Returning promptly to Washington, Grant established his headquarters
with the Army of the Potomac, at Culpepper, and for about a month
actively pushed his military preparations. He seems at first to have
been impressed with a dread that the President might wish to influence
or control his plans. But the few interviews between them removed the
suspicion which reckless newspaper accusation had raised; and all doubt
on this point vanished, when, on the last day of April, Mr. Lincoln sent
him the following explicit letter:
"Not expecting to see you again before the spring campaign opens, I wish
to express in this way my entire satisfaction with what you have done up
to this time, so far as I understand it. The particulars of your plan I
neither know nor seek to know. You are vigilant and self-reliant; and,
pleased with this, I wish not to obtrude any constraints or restraints
upon you. While I am very anxious that any great disaster or capture of
our men in great numbers shall be avoided, I know these points are less
likely to escape your attention than they would be mine. If there is
anything wanting which is within my power to give, do not fail to let me
know it.

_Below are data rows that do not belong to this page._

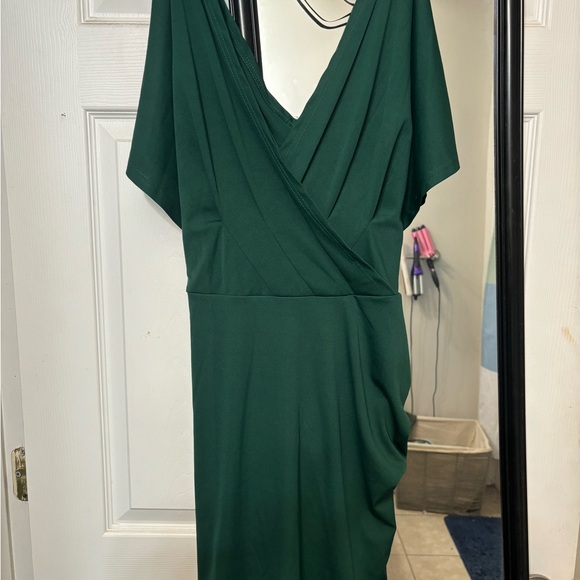 Dresses - Picture 11 of 15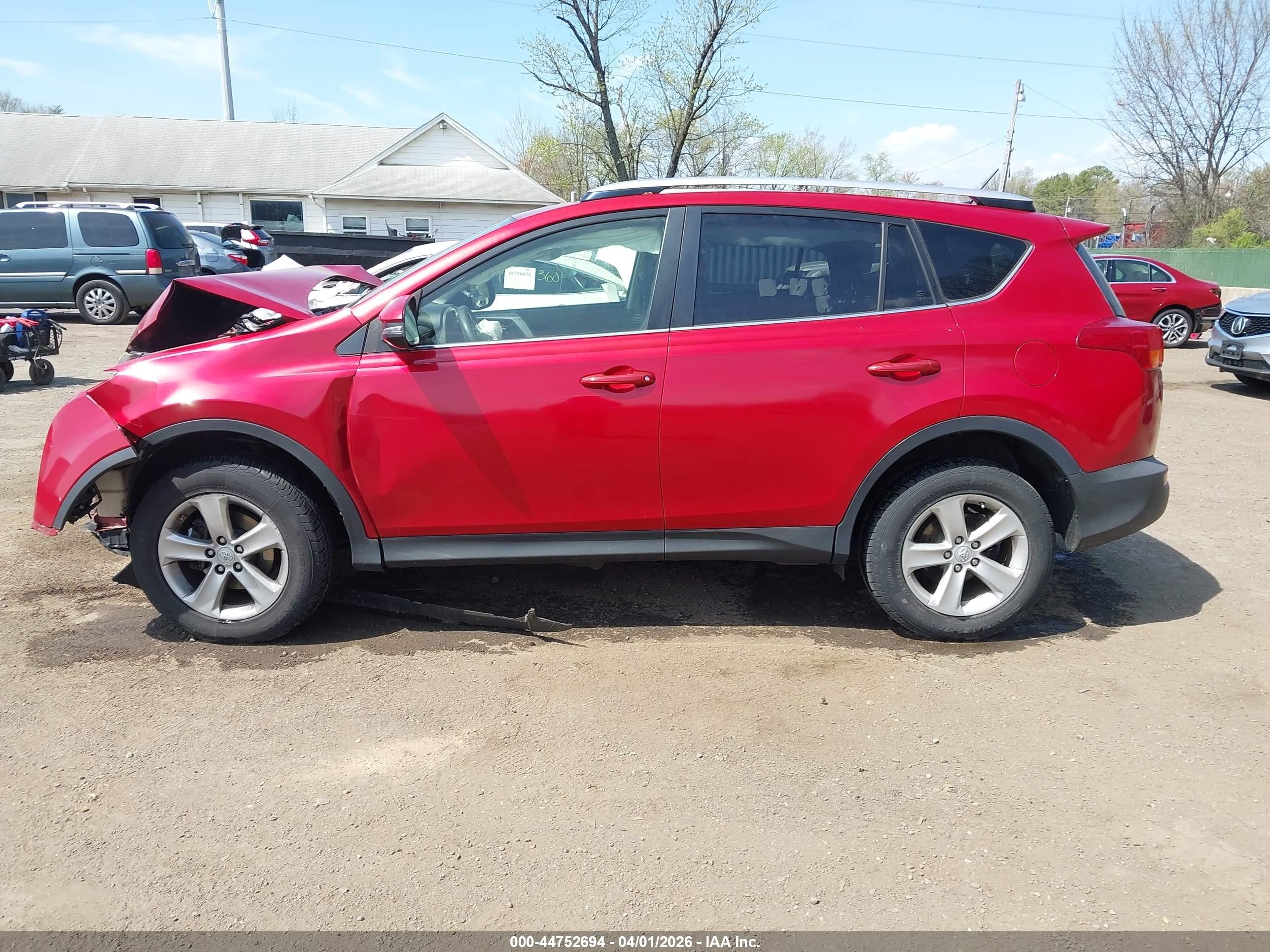 2014 Toyota Rav4 Xle Red vin: JTMWFREV8EJ022573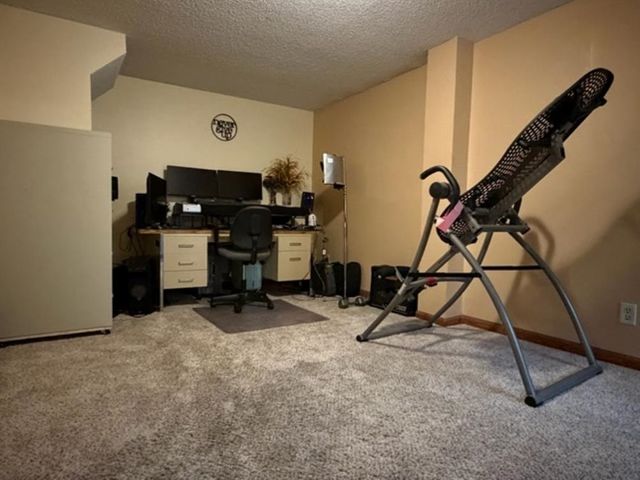 339 N Parkdale Ct, Wichita, KS 67212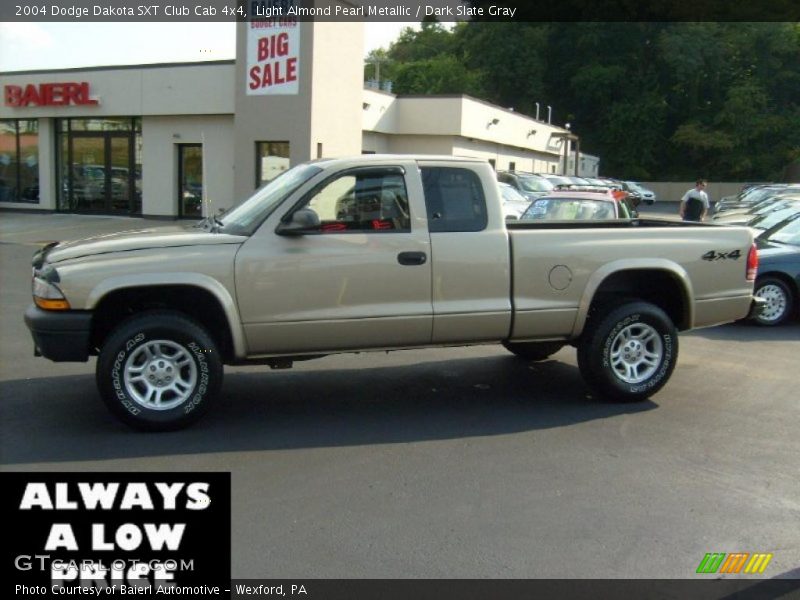 Light Almond Pearl Metallic / Dark Slate Gray 2004 Dodge Dakota SXT Club Cab 4x4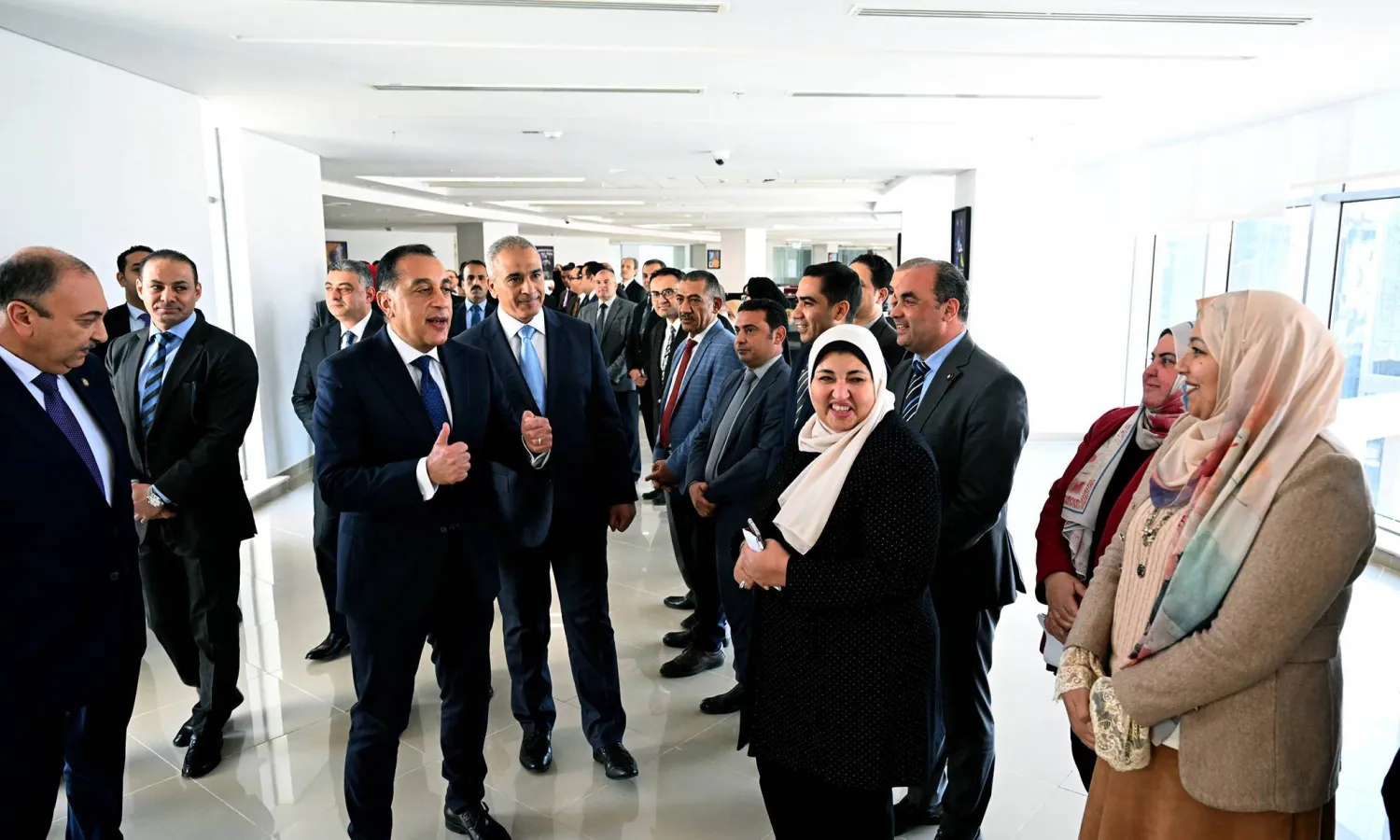 رئيس الوزراء المصري مصطفى مدبولي خلال لقاء مع موظفين الأربعاء (مجلس الوزراء)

And now, with a brave army and a just cause, may God sustain
you."
Grant's immediate reply confessed the groundlessness of his
apprehensions:
"From my first entrance into the volunteer service of the country to the
present day, I have never had cause of complaint--have never expressed
or implied a complaint against the administration, or the Secretary of
War, for throwing any embarrassment in the way of my vigorously
prosecuting what appeared to me my duty.